Exercise goal:
What you should end up with is an exact copy of the lines from the one holding "Why Layne Norton" through the last line of the entries below, both included, and nothing else; leave every picture out.

Extracted records:
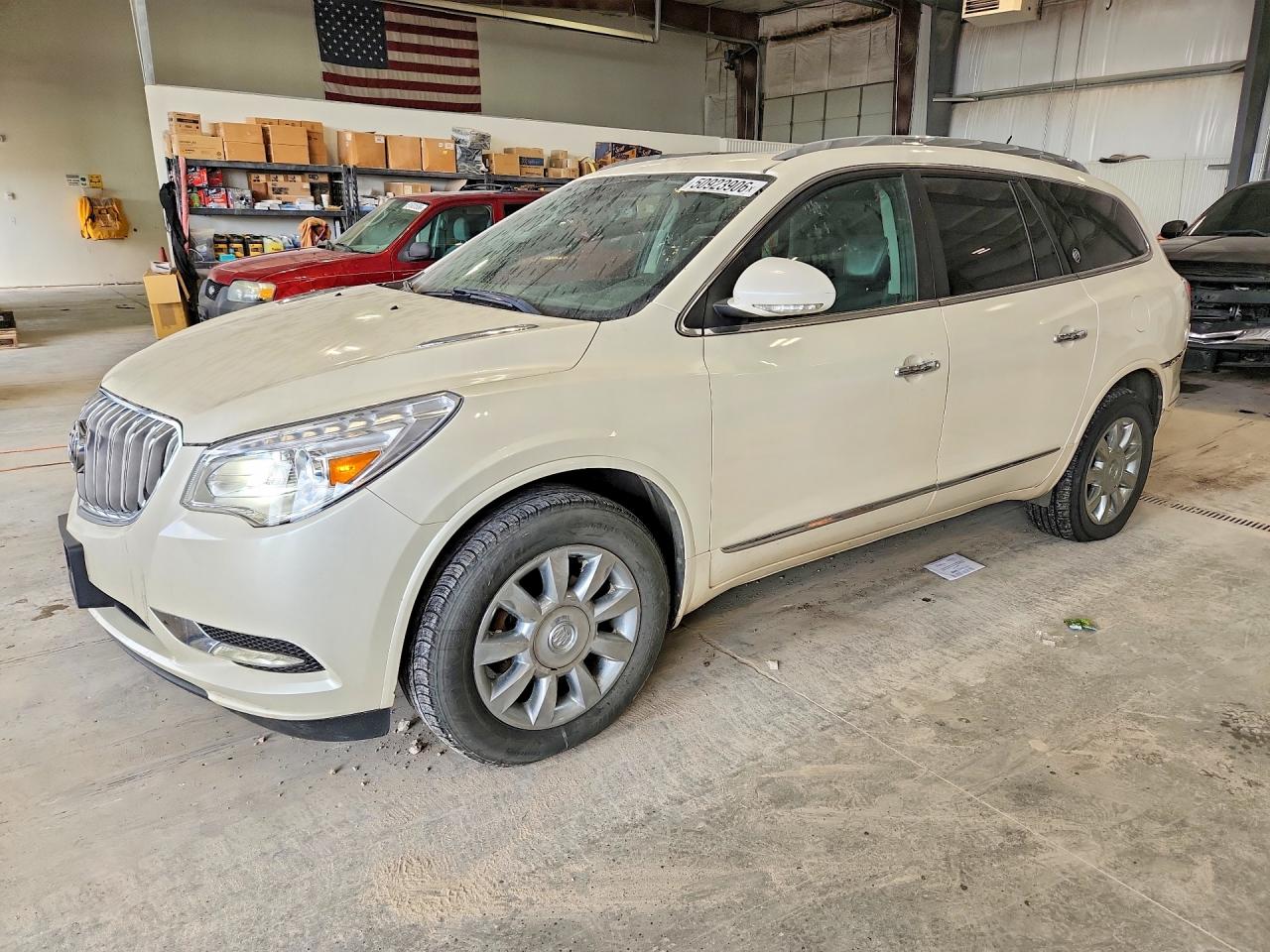 2015 BUICK ENCLAVE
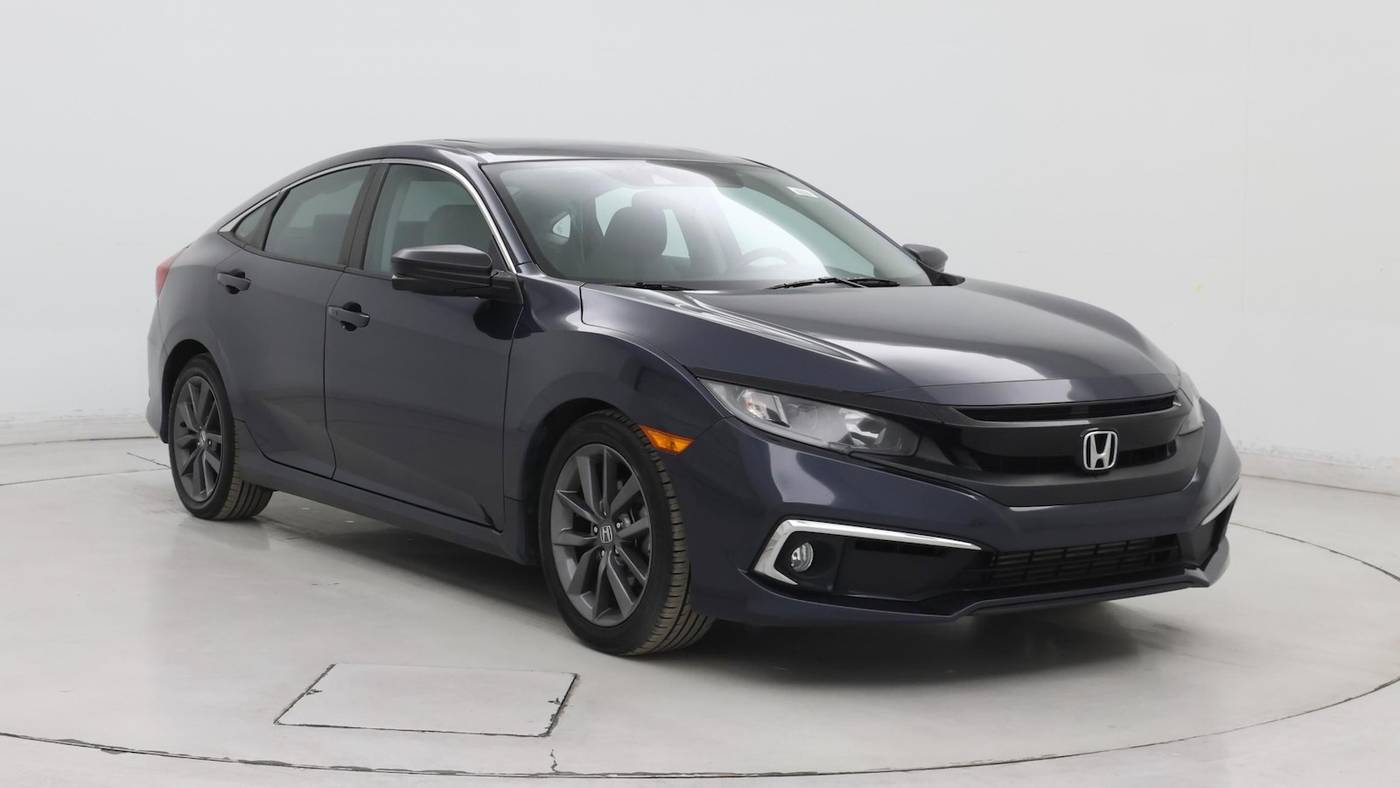 2020 Honda Civic Sedan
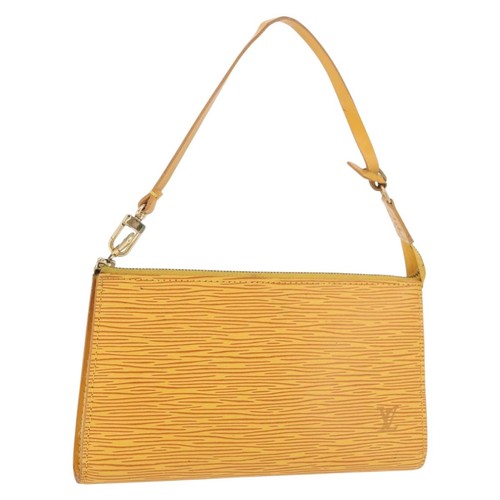 Louis vuitton epi pochette - epi,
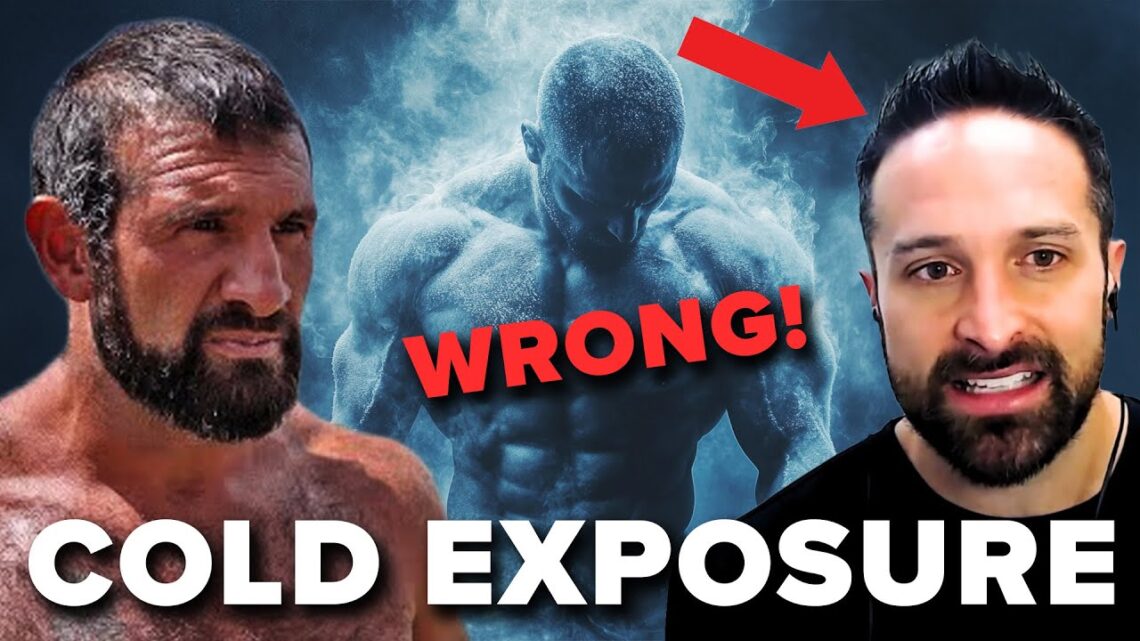 Why Layne Norton Is WRONG About Cold Exposure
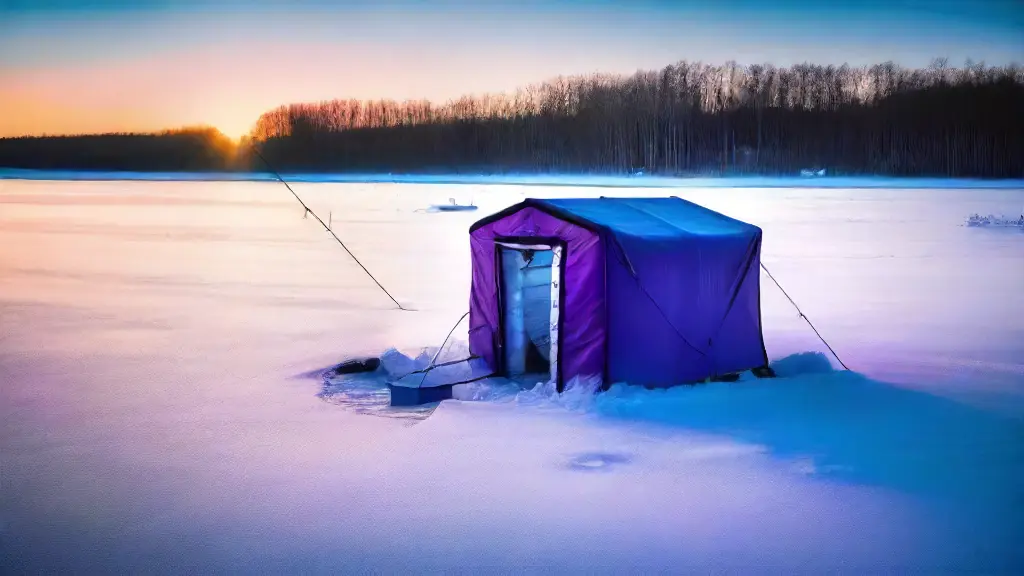 Insulated Flooring for Ice Fishing Shelters
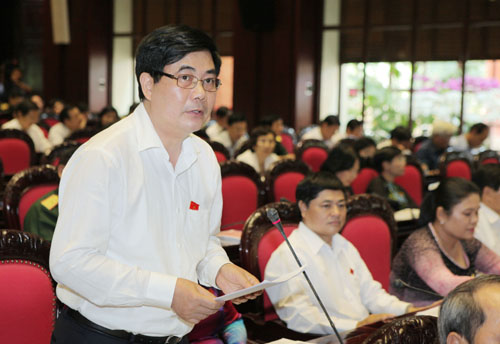 Tập trung đầu tư cho an ninh quốc phòng và hỗ trợ ngư dân bám biển ảnh 1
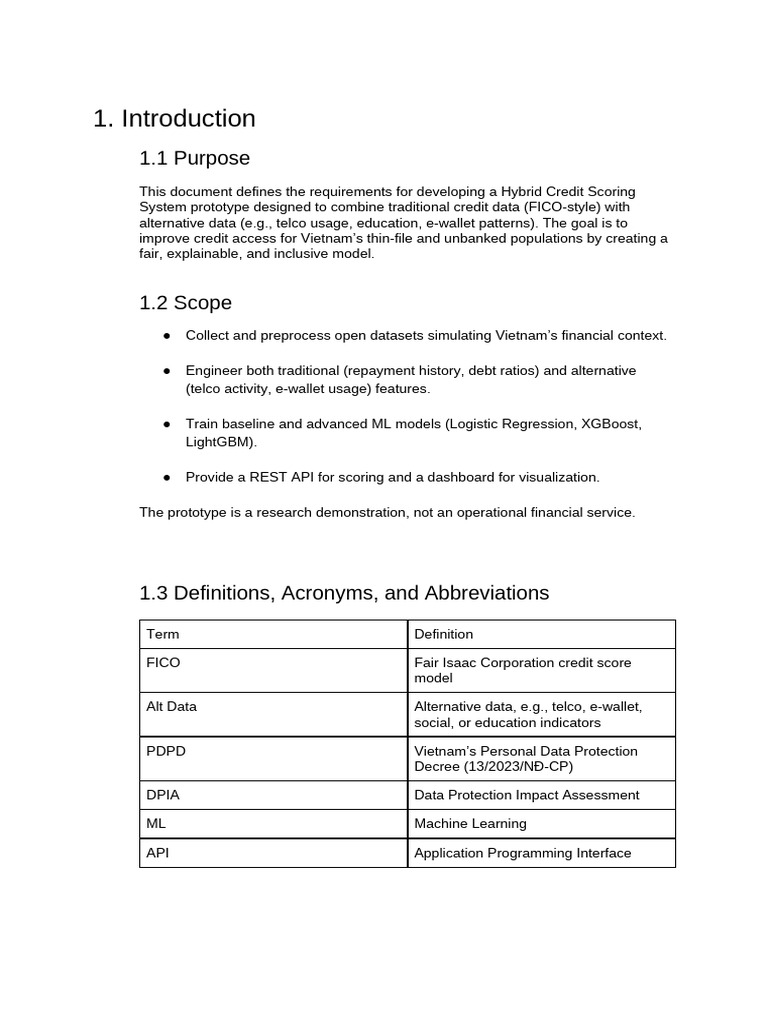RAD (Requirements Analysis Document) | PDF | Data | System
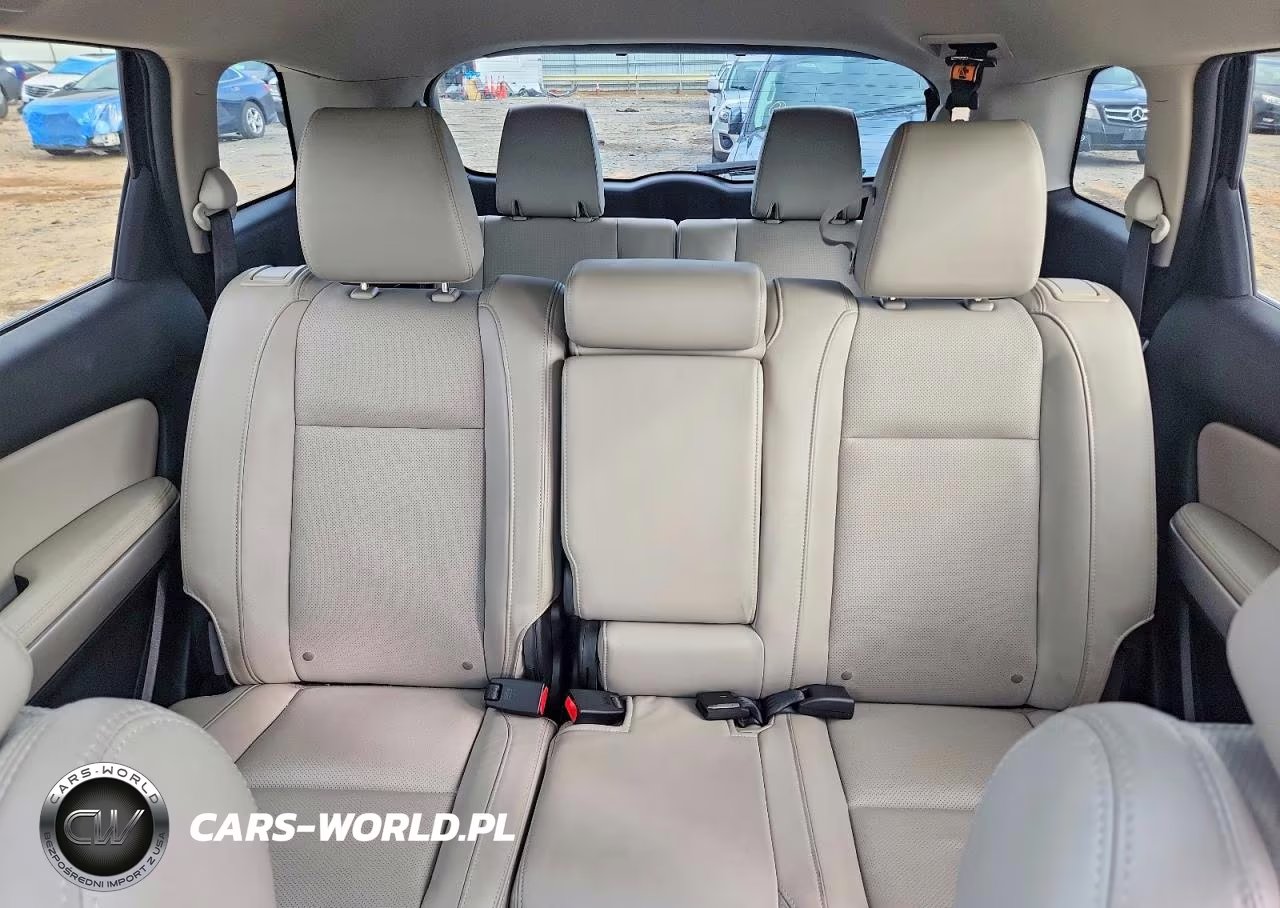 2015 Mazda Cx-9 VIN:JM3TB2DA8F0453479 - 10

Result of the exercise:
 Why Layne Norton Is WRONG About Cold Exposure
 Insulated Flooring for Ice Fishing Shelters
 Tập trung đầu tư cho an ninh quốc phòng và hỗ trợ ngư dân bám biển ảnh 1
RAD (Requirements Analysis Document) | PDF | Data | System
 2015 Mazda Cx-9 VIN:JM3TB2DA8F0453479 - 10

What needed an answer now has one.